Discharge Changes After Menopause
After menopause, the body produces significantly less estrogen, and this directly affects the vagina. The vaginal lining becomes thinner, drier, and less stretchy. The amount of normal discharge drops, and the natural acidity of the vagina shifts. Many people first notice this as dryness during sex.
In this life stage, new or unusual discharge, particularly if it’s yellow, has an odor, or is accompanied by irritation, can signal vaginal atrophy or an infection. Because the vaginal pH rises after menopause, the environment becomes more vulnerable to bacterial overgrowth.
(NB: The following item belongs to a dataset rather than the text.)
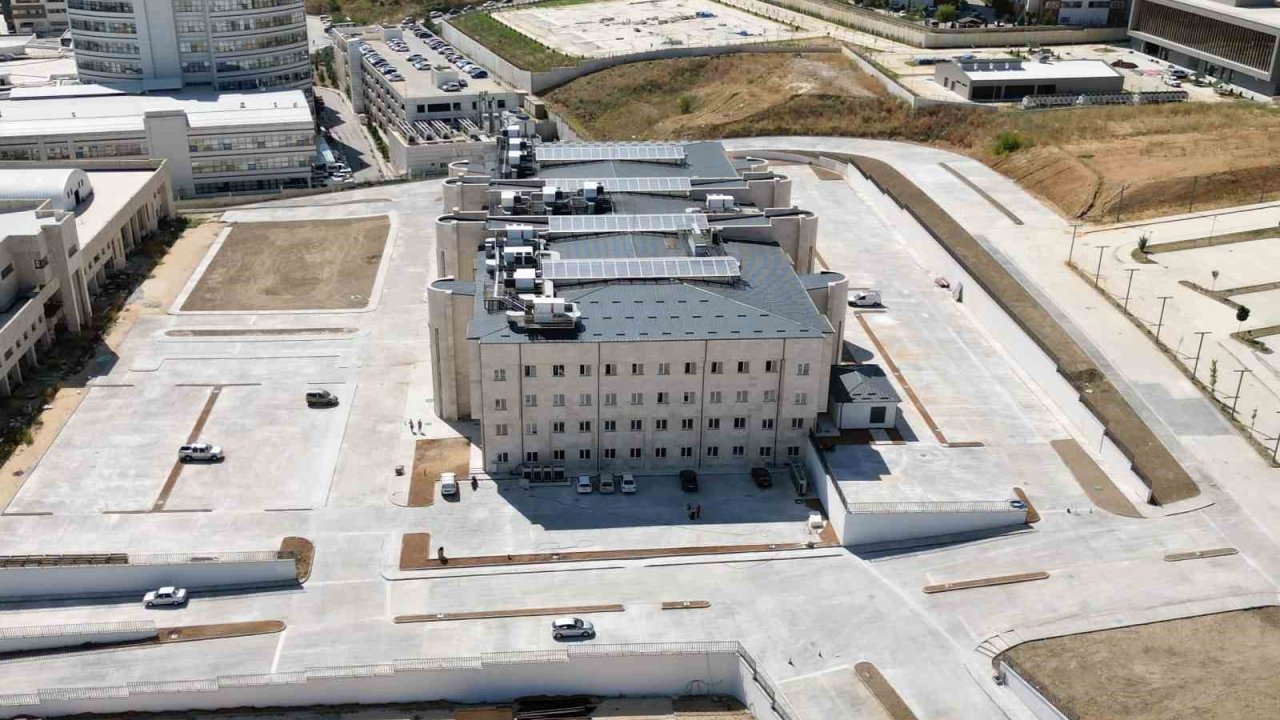 Kastamonu Üniversitesi Diş Hekimliği binasında sona gelindi
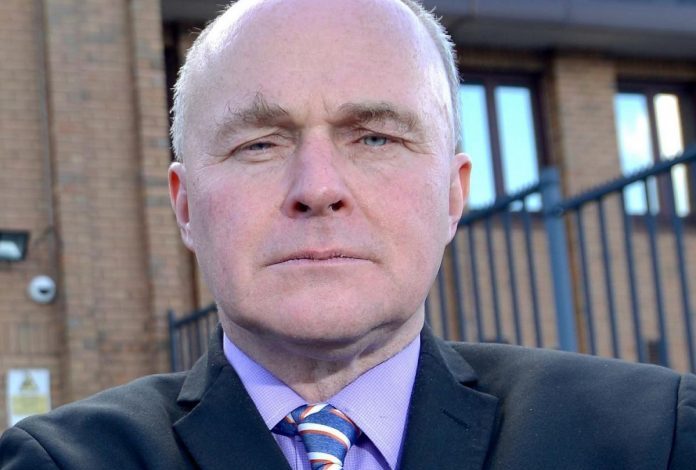 KONGRESI I PS-s/ Flet deputeti britanik John Grogan: Opozita zhgënjyese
Discharge that would have been unremarkable at 30 may carry different significance at 60, so a change in your postmenopausal baseline is worth investigating.
How to Tell Cycle Changes From Infection
One of the trickiest parts of evaluating discharge is that normal discharge already changes throughout the month. The simplest rule: normal discharge is odorless or very faintly scented, falls in the clear-to-white range, and doesn’t come with itching, burning, or pain. If you notice a new smell, a color you haven’t seen before, or physical discomfort alongside a change in discharge, that points toward infection rather than a normal hormonal shift.
Timing can also help. Stretchy, egg-white discharge around the middle of your cycle is a classic ovulation sign, not an infection. Thicker, stickier discharge in the days before your period is also expected. But cottage-cheese texture at any point in your cycle isn’t normal, and a fishy smell that shows up and persists isn’t explained by hormonal fluctuations. Your vaginal pH may also naturally rise just before your period, which can sometimes trigger mild BV in people who are prone to it, so recurrent symptoms at the same point in your cycle are a recognizable pattern worth mentioning to a healthcare provider.